With the onslaught of copyright infringement lawsuits being filed against OpenAI, Anthropic and other major generative AI providers for training models on proprietary data that is often being regurgitated verbatim back to users, there has been a corresponding surge in commentary on the treatment of AI by, in particular, US and EU copyright law. In this article, I hope to shed some much-needed light on the status of AI training under the copyright law of an often-forgotten part of the ‘rule-of-law world’, Australia. I write from the perspective of a data scientist who also holds an Australian law degree and who works in the legal tech industry.
There are two key issues that Australian copyright law raises for training AI. The first pertains to the procurement of copyrighted training data. The second concerns whether the very act of training AI on copyrighted data (as distinct from procuring data for that purpose) constitutes copyright infringement.
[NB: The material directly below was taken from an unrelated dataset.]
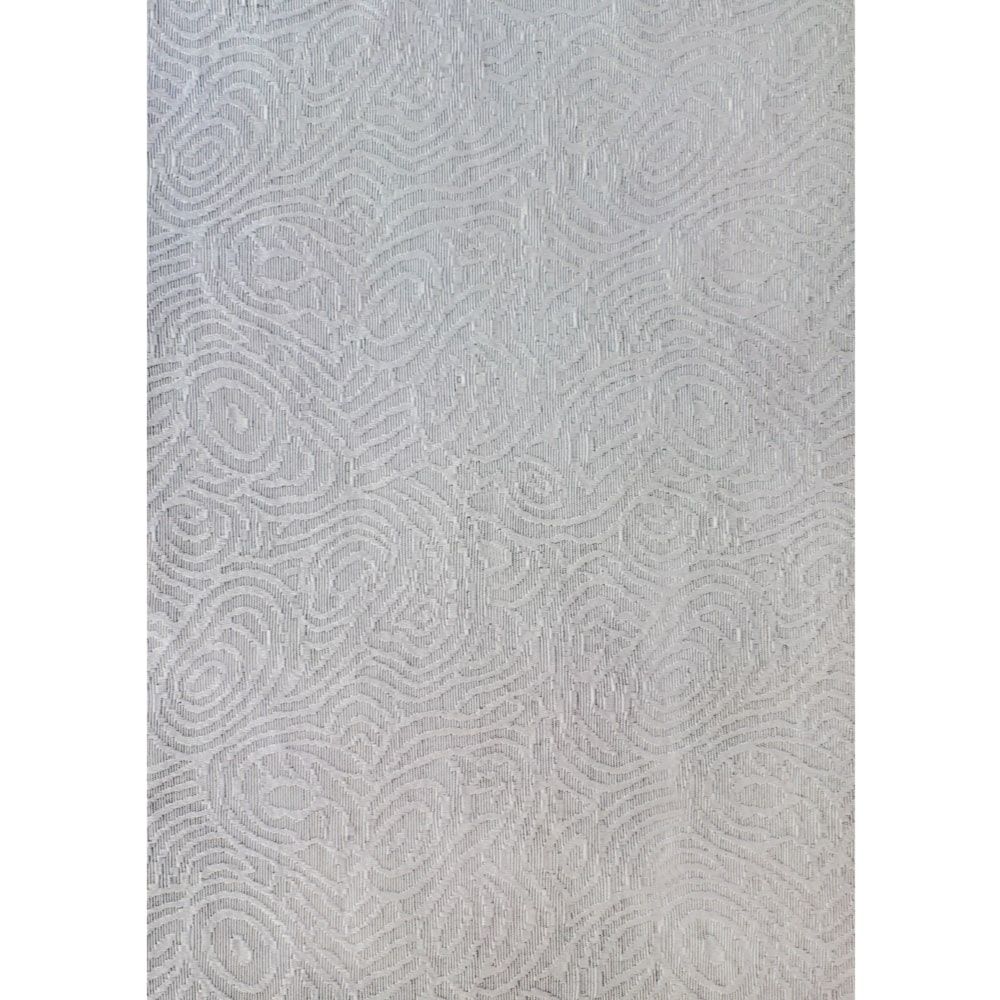 matches21 - Webshop Tischdecke FANCY GLOSS Achat Muster Tischtuch Polyester grau 1 Stk 130x160 cm 123070 1 8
In brief, I find that Australian copyright law is not fit for purpose when it comes to both the procurement of copyrighted training data and the training of AI on copyrighted data. At least not if we want to see Australians training their own foundational models and Australian businesses disrupting Silicon Valley’s stronghold on AI innovation. While finding a solution to the problem is beyond the scope of this article, I urge policymakers to quickly adopt a new model for ensuring creators are adequately compensated while also enabling rather than stifling innovation, lest our burgeoning AI industry falls irreparably behind our international counterparts.